■ **Task prompt**
An exact copy is all that is wanted: the lines from the one with "Forever Rooms-3" through the end of the listing below, both included, minus any pictures.

■ **Dataset content**
# # # # #
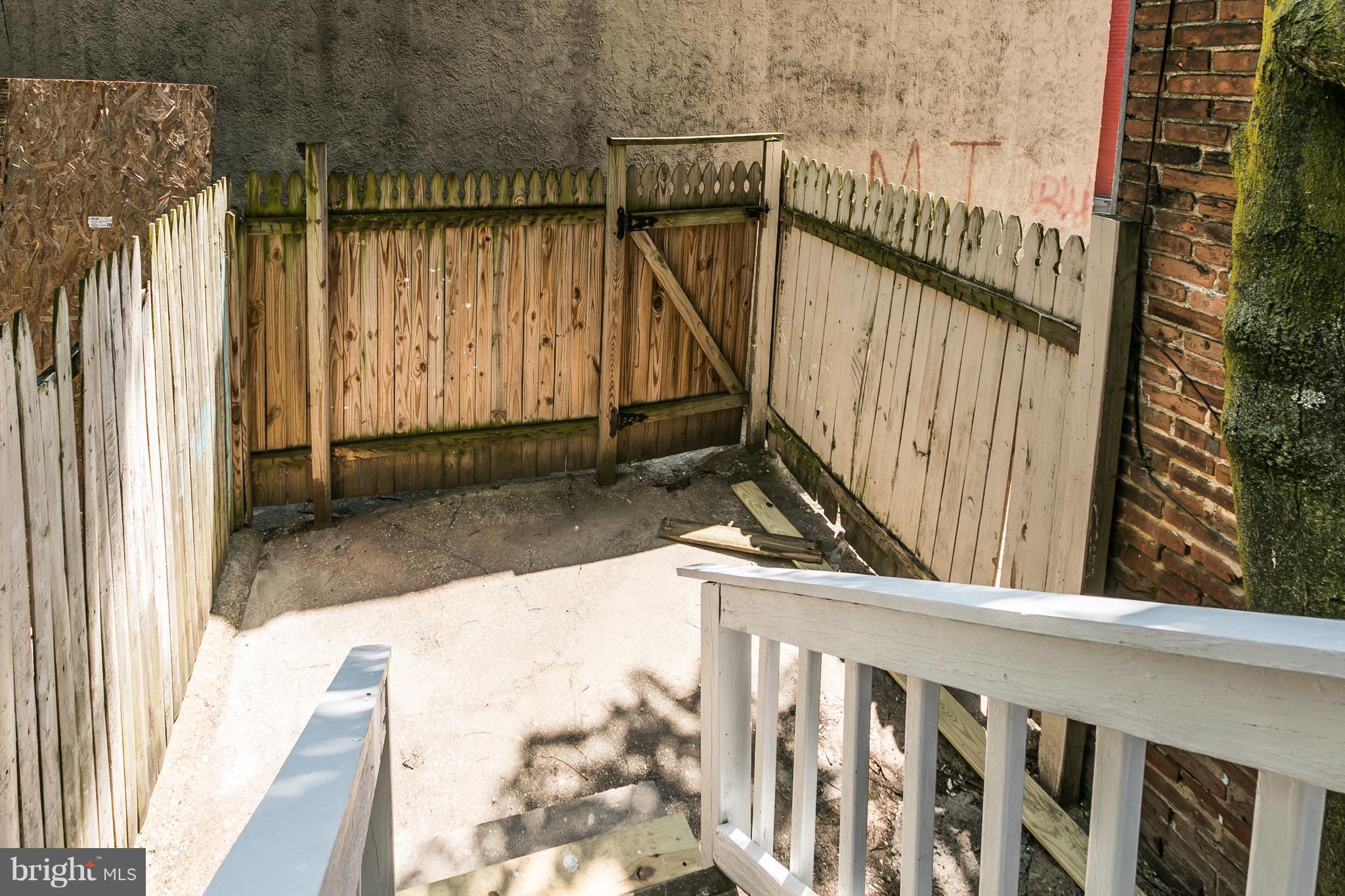 UNION SQUARE - Residential Lease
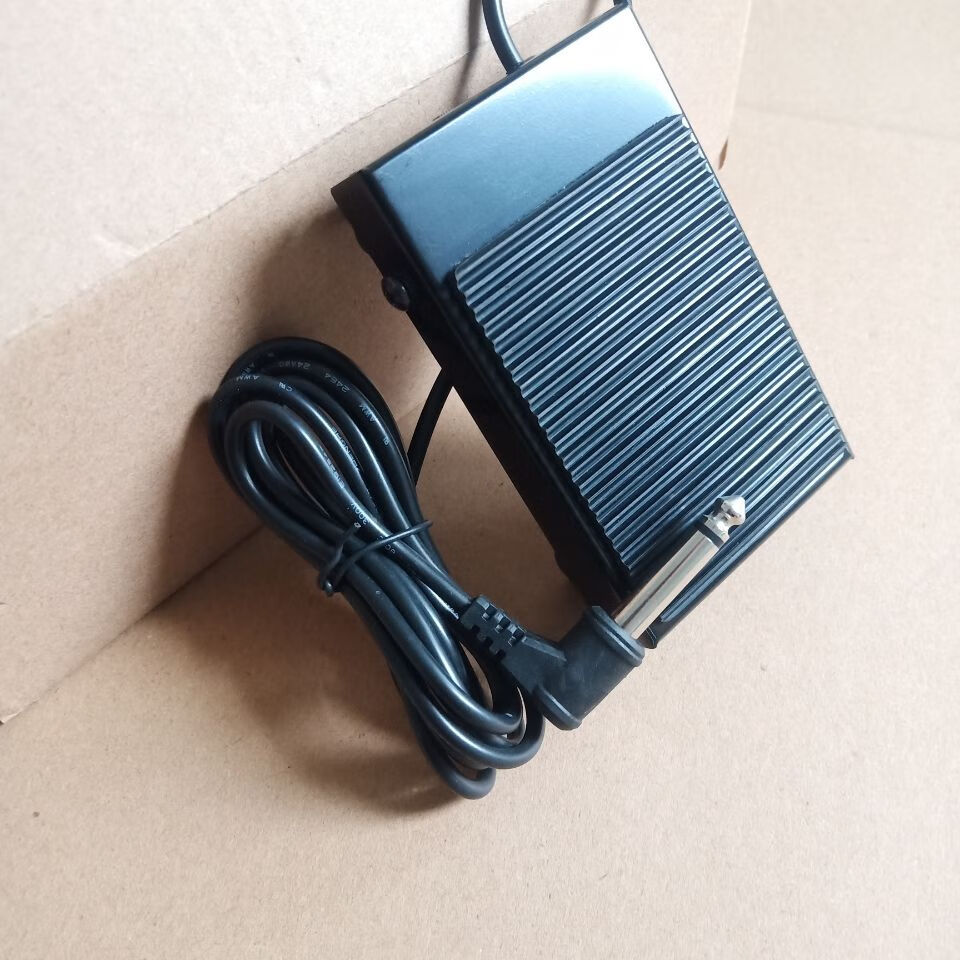 雅马哈卡西欧全金属延音踏板电钢琴电子琴midi键盘器通用0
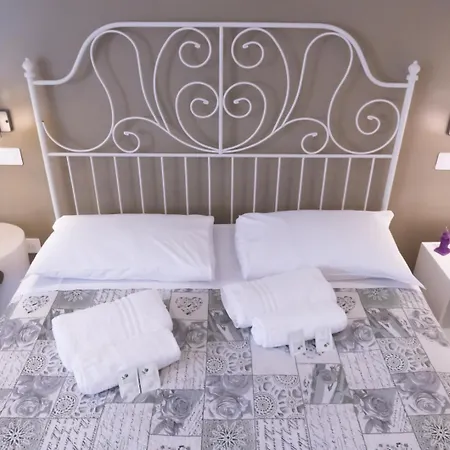 Forever Rooms-3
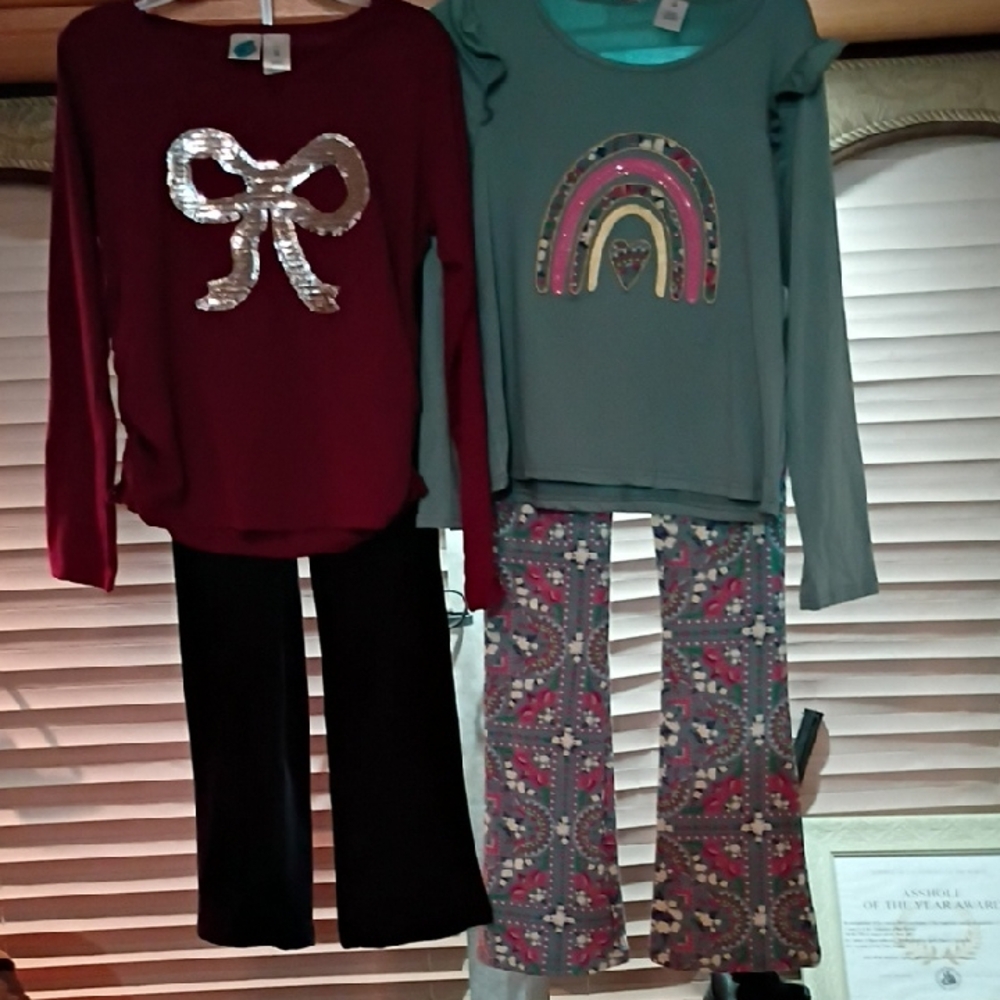 Kids Matching Set with Bow and Rainbow Design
# # # # #
■ **Answer area**
 Forever Rooms-3
 Kids Matching Set with Bow and Rainbow Design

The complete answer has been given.